**Try it**
Would you output the entries below only from the line containing "古玩陶瓷【望月樓】民國粉彩教" through the line containing "Interior, Kitchen, Washer, Wood", exactly as they stand and with both ends included?

(Stored items from a collection)

++++++++

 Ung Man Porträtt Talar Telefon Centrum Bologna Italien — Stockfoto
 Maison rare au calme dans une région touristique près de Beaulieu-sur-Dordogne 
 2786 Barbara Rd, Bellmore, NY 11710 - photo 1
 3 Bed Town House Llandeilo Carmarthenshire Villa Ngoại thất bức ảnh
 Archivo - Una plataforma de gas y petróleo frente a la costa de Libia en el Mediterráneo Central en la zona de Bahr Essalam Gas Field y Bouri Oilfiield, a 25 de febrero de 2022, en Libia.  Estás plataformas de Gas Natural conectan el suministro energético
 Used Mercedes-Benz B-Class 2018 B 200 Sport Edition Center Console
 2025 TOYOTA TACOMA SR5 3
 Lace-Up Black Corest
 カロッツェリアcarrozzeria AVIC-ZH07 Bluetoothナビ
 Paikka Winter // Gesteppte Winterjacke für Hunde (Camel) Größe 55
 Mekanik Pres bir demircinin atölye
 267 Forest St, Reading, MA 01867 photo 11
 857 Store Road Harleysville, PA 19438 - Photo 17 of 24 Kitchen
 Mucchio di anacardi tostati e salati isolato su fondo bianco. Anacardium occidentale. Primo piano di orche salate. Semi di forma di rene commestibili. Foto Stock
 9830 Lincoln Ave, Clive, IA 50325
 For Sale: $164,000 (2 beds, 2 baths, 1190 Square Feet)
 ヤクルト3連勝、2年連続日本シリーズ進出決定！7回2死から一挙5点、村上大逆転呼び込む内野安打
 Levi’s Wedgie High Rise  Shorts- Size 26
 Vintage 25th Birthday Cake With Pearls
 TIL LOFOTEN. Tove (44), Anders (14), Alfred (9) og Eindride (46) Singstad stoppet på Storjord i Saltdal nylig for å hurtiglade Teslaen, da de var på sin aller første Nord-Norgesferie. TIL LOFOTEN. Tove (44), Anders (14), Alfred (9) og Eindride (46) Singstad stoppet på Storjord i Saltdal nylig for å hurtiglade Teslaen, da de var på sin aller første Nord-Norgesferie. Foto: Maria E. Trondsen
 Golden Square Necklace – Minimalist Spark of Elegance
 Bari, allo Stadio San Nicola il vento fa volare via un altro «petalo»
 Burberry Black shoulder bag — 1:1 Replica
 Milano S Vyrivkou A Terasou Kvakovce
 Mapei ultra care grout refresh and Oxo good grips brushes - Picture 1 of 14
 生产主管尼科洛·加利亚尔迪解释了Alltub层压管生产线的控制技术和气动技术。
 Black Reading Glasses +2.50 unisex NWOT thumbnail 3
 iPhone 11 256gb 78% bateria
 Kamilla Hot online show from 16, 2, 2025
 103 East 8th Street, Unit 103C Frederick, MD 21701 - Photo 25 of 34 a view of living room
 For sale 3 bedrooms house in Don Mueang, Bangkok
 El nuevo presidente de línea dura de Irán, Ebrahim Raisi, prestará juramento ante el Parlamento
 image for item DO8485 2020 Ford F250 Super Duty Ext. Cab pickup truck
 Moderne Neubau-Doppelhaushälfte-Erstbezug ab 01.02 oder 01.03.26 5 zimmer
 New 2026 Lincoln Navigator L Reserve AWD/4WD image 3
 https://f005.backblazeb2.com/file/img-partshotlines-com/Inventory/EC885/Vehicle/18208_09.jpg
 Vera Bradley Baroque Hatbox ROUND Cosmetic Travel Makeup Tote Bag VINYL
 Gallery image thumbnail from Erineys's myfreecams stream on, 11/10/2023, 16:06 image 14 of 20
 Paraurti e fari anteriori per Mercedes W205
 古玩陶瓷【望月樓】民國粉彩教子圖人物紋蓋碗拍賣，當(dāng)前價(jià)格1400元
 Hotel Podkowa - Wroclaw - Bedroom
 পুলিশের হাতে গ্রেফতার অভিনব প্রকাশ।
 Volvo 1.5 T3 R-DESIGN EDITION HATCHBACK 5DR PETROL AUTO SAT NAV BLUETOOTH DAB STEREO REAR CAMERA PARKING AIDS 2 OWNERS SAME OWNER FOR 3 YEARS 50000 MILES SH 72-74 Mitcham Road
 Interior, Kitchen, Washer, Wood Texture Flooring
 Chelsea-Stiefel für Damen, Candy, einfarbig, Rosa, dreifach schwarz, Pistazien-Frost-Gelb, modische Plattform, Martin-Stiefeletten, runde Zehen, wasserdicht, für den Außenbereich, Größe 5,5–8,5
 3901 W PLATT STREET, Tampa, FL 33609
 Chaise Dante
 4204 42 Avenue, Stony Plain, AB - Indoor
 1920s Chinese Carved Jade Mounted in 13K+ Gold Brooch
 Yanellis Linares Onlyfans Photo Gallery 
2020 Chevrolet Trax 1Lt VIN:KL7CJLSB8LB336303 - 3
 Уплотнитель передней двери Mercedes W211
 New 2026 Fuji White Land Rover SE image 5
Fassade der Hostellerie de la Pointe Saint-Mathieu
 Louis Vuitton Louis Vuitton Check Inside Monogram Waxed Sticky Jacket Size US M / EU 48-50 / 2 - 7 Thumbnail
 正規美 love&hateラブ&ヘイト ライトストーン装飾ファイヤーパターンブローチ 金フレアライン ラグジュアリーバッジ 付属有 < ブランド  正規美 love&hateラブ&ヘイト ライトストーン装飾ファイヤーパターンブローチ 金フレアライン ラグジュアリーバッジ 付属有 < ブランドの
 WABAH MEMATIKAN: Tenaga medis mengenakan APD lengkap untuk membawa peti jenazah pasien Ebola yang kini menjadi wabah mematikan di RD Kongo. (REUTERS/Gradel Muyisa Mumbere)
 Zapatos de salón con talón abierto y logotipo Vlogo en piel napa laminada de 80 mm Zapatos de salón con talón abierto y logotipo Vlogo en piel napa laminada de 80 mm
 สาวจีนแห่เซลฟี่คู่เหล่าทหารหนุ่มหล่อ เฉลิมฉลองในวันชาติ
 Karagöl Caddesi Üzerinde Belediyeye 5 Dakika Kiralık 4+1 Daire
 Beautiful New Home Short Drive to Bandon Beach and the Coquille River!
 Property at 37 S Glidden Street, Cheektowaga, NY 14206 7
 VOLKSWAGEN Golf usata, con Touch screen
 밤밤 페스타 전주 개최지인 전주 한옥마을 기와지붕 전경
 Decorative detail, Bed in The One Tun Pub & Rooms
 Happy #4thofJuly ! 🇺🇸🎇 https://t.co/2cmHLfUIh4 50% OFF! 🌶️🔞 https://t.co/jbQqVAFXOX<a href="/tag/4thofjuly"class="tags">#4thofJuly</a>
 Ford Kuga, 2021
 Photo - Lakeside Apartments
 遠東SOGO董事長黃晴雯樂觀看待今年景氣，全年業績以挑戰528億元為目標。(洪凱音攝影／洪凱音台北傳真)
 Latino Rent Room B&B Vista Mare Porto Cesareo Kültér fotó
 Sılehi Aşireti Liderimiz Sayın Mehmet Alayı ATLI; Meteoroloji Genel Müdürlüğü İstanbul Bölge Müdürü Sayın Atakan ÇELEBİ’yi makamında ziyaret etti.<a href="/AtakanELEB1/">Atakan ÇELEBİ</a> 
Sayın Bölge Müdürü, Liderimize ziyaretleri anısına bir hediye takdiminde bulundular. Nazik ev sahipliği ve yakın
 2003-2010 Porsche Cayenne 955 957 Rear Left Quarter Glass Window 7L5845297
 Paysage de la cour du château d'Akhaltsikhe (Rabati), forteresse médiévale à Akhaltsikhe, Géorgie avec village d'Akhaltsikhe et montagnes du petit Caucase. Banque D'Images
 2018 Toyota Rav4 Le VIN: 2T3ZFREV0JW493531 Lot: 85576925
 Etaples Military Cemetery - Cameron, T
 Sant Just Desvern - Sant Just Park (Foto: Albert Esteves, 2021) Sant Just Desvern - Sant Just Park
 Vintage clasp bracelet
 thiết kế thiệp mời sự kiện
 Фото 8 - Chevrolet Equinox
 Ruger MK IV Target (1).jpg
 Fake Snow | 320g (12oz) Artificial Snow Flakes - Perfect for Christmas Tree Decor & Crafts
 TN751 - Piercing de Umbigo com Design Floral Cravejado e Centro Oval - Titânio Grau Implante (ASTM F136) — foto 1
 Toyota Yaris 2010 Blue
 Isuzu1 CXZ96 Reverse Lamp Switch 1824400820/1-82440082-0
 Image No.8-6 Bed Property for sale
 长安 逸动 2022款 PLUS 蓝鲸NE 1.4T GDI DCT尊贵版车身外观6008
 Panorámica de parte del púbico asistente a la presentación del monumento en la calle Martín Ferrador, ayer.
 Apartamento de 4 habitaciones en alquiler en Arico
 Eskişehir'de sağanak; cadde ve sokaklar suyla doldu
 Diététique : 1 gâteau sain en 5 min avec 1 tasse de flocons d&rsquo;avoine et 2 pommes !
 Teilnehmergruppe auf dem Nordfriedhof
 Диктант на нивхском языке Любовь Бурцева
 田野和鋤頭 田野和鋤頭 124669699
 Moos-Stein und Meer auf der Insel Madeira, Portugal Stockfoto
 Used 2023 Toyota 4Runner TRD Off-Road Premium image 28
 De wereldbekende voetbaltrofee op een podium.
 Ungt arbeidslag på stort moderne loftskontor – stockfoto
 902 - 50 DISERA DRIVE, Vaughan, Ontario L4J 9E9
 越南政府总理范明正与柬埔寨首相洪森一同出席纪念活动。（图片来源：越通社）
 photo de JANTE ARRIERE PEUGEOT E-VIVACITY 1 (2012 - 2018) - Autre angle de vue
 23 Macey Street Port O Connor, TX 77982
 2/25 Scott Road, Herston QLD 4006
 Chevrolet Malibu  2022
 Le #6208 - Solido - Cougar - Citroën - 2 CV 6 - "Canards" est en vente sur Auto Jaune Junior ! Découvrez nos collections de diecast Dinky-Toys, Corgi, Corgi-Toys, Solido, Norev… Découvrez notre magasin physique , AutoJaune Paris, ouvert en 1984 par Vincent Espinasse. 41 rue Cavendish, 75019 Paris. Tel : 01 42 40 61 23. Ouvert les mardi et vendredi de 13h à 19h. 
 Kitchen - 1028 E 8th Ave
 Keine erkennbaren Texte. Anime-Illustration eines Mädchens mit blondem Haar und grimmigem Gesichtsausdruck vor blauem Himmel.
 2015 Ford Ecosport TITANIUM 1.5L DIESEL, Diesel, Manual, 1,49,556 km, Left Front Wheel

++++++++

**Exercise result**
 古玩陶瓷【望月樓】民國粉彩教子圖人物紋蓋碗拍賣，當(dāng)前價(jià)格1400元
 Hotel Podkowa - Wroclaw - Bedroom
 পুলিশের হাতে গ্রেফতার অভিনব প্রকাশ।
 Volvo 1.5 T3 R-DESIGN EDITION HATCHBACK 5DR PETROL AUTO SAT NAV BLUETOOTH DAB STEREO REAR CAMERA PARKING AIDS 2 OWNERS SAME OWNER FOR 3 YEARS 50000 MILES SH 72-74 Mitcham Road
 Interior, Kitchen, Washer, Wood Texture Flooring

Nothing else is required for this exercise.